Swiss fragrance and flavour maker Givaudan on Wednesday posted a slowdown in end-year sales, putting further strain on margins in a year marked by high input costs and supply chain disruptions.
The group, which has so far passed the steep cost increases on to customers including cosmetics firms and drinks makers, suffered from slowing sales in the latter half of 2022, driven by a decline in its flavours business in North America.
Group sales increased by 5.3 percent on a like-for-like basis to 7.1 billion Swiss francs ($7.7 billion) in 2022, but grew only 2.9 percent on the same basis in the final quarter.
North American sales fell 5.4 percent to 1.9 billion francs in the year, with a 6.4 percent drop in the flavors division.
Givaudan’s finance chief Tom Hallam said North American customers were cutting their safety stocks as supply chains improved, but doubts about consumer sentiment in 2023 still had an impact on sales in the region.
Hallam added the group planned to keep passing on costs, with raw material inflation expected to be 5 percent this year.

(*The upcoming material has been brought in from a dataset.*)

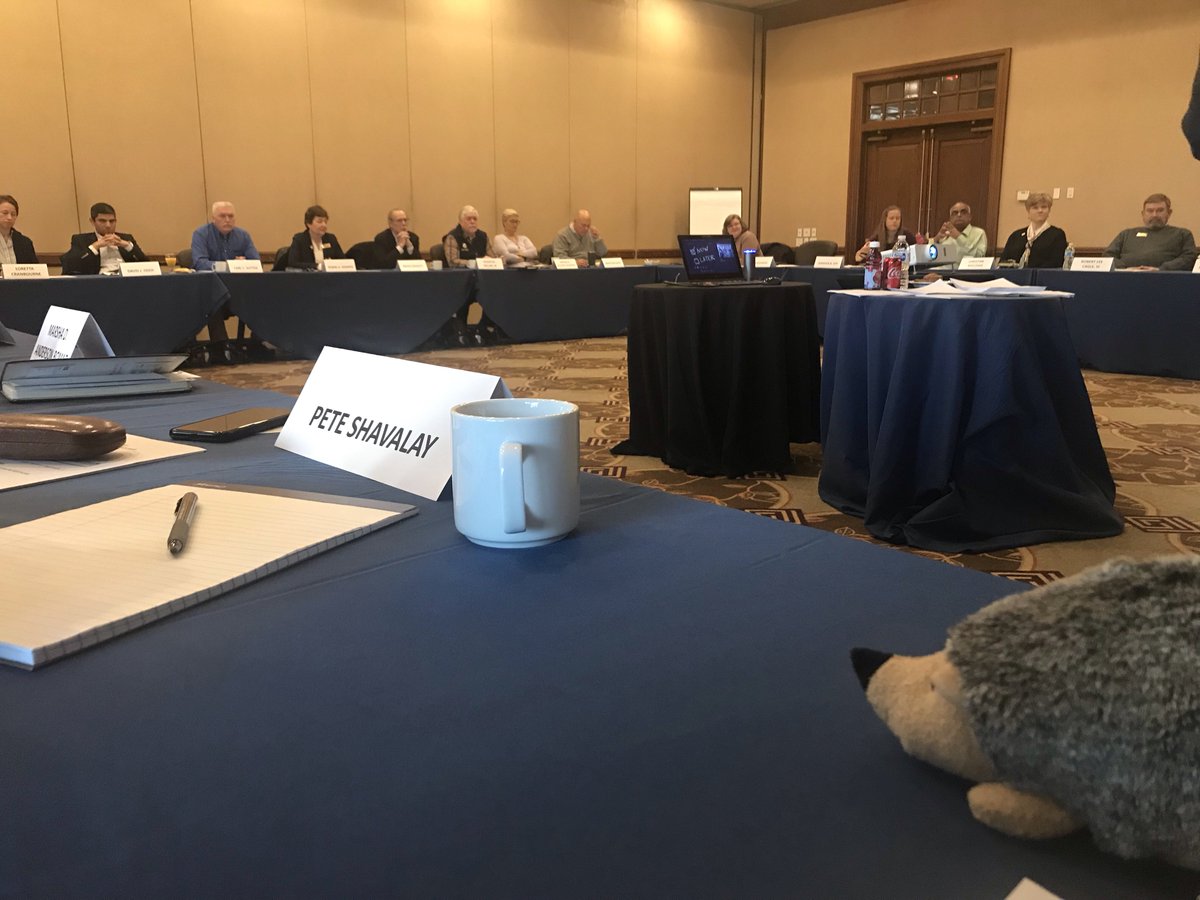 Kristina Swallow, PE tweet media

Givaudan’s core earnings (EBITDA) were broadly flat against the prior year at 1.48 billion francs, while its comparable EBITDA margin fell to 20.9 percent from 22.5 percent.
“Especially compared to Symrise, Givaudan managed better through the ‘very challenging operating environment’ with more a focus on the bottom-line,” Baader Helvea analysts said in a note to investors.
Givaudan and German rival Symrise are the runners-up behind IFF Inc in the market share ranking for fragrances, flavors and ingredients for food and cosmetics.
Symrise on Monday reported a lower-than-expected 2022 EBITDA margin due to an impairment.
Givaudan’s annual profit rose 4.2 percent to 856 million francs, beating analysts’ forecast of 806 million, while sales and EBITDA margin were slightly below expectations.
The Geneva-based group proposed a dividend of 67 francs per share, 1.5 percent higher than last year.
The shares were down 0.7 percent at 0836 GMT.